Барсов встал и зевнул во весь рот.
– - Пойдемте походим по саду, -- сказала девушка.
III
Барсов раздвинул деревья, пропустил ее на дорожку, прошел сам, споткнулся, уронил палку. С досадой нагнулся поднять.
Они пошли по песку. Она немного впереди, бодро и весело, он -- едва переставляя ноги, лениво, спотыкаясь на каждом шагу. Они молчали. В саду пахло цветами, свежими листьями, древесным клеем, дождевой водой из канавок. Ксения Михайловна заговорила первая, когда они подошли к калитке. Она повернулась к нему своим оживленным лицом, прислонилась спиной к галерее, вся утонула в листьях плюща.
– - Так вот вы какой скептик, Владимир Иванович! И это в какой-нибудь год!
– - Какое в один год! Это постепенно назревало -- только не высказывалось. И кто теперь не скептик? Нынче идеалистов нет -- были, да все вышли... Кто хочет, может махнуть рукой на все и не задаваться вопросами -- и многие это преспокойно делают, -- а кто задается, обязательно становится скептиком.
– - Все-таки, Владимир Иванович, мне кажется, что вы сильно преувеличиваете в своих взглядах на право и преступление... Должны же существовать общие... ну, границы, что ли, объединяющие человечество?

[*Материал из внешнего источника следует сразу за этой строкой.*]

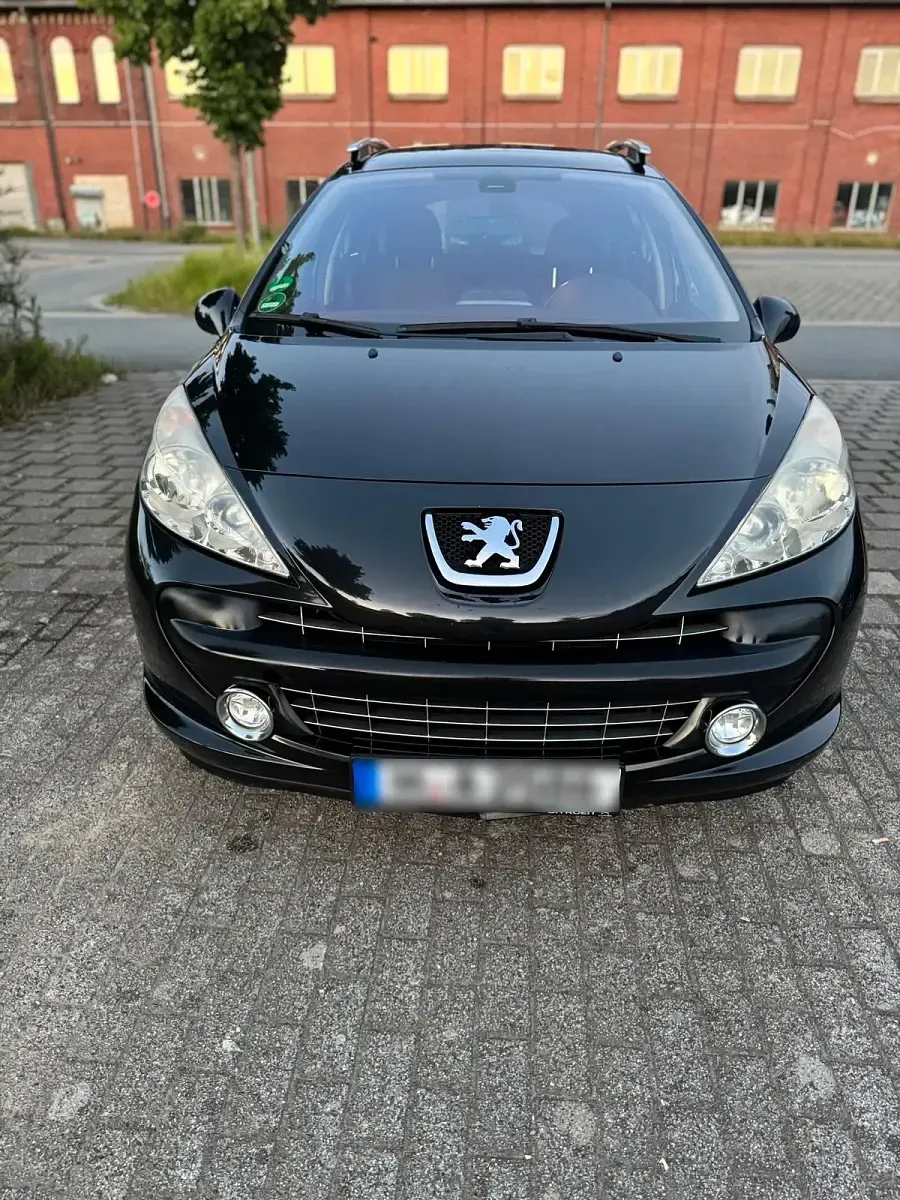 Gebraucht Peugeot 207 95 PS (69 kW) 2008 Schwarz Kombi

"Что она меня пытает, душу вытягивает? Что я ей дался?" -- подумал Барсов.
– - Вот, вот -- все так толкуют! Да что же это такое!
– - внезапно рассердился он.
– - Какого вы объединения хотите? Я вас отправлю в Австралию, к папуасам, тогда посмотрим, что вы скажете. Ведь все дело в общем миросозерцании, поймите вы, наконец. А где его взять? Как сделать, чтобы полтора миллиарда мыслили одинаково? Э, да что тут: не может этого быть и никогда не будет. Аминь. И не нужно, -- возбужденно прибавил он, -- это не жизнь будет, а чепуха. Да, че-пу-ха!
– - раздельно и с удовольствием повторил он.
– - Это так же глупо, как взять вдруг и подстричь все деревья на земном шаре в виде петушков или треугольников.